[Short descriptive text snippets]
#####

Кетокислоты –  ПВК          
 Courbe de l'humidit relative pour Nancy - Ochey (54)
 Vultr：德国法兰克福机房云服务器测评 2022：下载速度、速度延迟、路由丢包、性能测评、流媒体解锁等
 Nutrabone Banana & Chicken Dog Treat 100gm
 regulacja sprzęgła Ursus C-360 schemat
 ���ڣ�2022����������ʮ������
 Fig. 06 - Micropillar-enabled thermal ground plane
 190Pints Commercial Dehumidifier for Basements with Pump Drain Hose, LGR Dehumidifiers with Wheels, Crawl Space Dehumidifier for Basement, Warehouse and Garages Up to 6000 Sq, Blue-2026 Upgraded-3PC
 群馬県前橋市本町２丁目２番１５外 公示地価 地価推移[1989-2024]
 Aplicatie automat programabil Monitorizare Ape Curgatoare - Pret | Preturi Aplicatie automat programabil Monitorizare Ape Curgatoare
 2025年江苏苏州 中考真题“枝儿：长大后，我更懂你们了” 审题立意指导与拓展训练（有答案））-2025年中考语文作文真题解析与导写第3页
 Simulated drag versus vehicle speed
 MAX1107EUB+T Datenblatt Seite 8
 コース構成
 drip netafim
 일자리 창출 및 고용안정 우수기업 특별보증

#####

### WHAT YOU SHOULD DO
Starting at the first line of the records above, please copy every line exactly through the line containing "Fig. 06 - Micropillar-enabled", and stop there.

### EXPECTED ANSWER
Кетокислоты –  ПВК          
 Courbe de l'humidit relative pour Nancy - Ochey (54)
 Vultr：德国法兰克福机房云服务器测评 2022：下载速度、速度延迟、路由丢包、性能测评、流媒体解锁等
 Nutrabone Banana & Chicken Dog Treat 100gm
 regulacja sprzęgła Ursus C-360 schemat
 ���ڣ�2022����������ʮ������
 Fig. 06 - Micropillar-enabled thermal ground plane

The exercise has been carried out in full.